Mutebile enjoyed a long and distinguished career in public service. And he served this country with integrity, dedication and distinction. In 1980, he was a Principle Private Secretary of President Godfrey Binaisa and later Paul Muwanga when he was head of state. Then in 1981, as vice president, Muwanga recommended him to President Milton Obote to be government chief economist. Just before he was overthrown in the military coup July 1985, Obote says he promoted Mutebile to be Permanent Secretary Ministry of Planning and Economic Development. The appointment does not seem to have taken effect during the short-lived presidency of Tito Okello. When President Yoweri Museveni came into office he confirmed him as PS. It is a mark of his social skills that he served these governments continually without blemish or getting killed.

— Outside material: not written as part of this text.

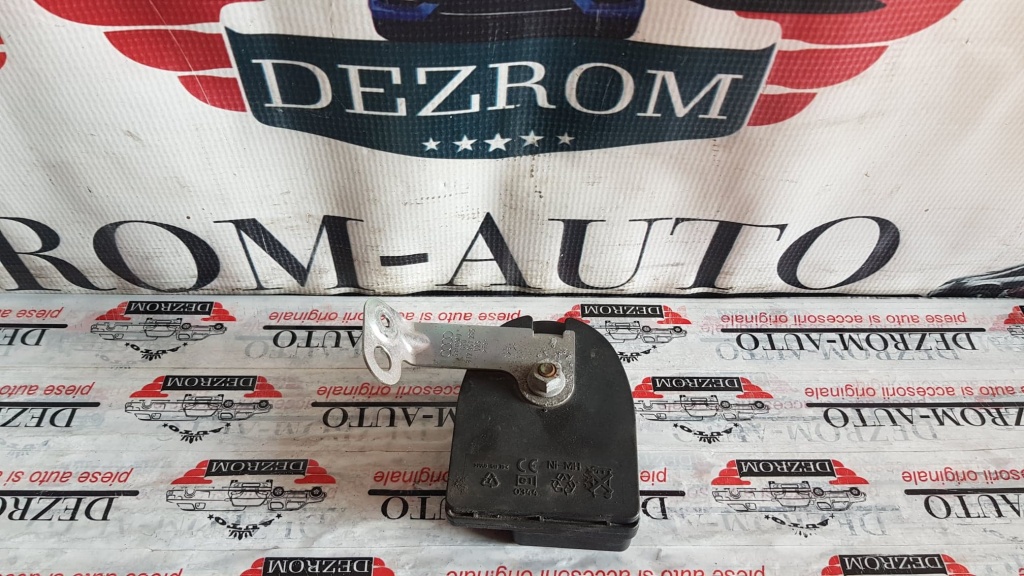 Sirena alarma Skoda Yeti cod piesa : 1K0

It is under Museveni that Mutebile achieved his iconic status. He became the champion and leader of the group inside the government in favour of liberal economic reforms. This was actually a risky leadership position to take. NRM had come to power as a left-wing organisation hostile to IMF and World Bank sponsored Structural Adjustment Programs (SAPs). These reforms had been implemented by the Obote administration but had faced severe criticism from the NRM, then a rebel movement in the bush. Mutebile was a leftover from the Obote government even though in 1980 he had supported Museveni’s political party, UPM.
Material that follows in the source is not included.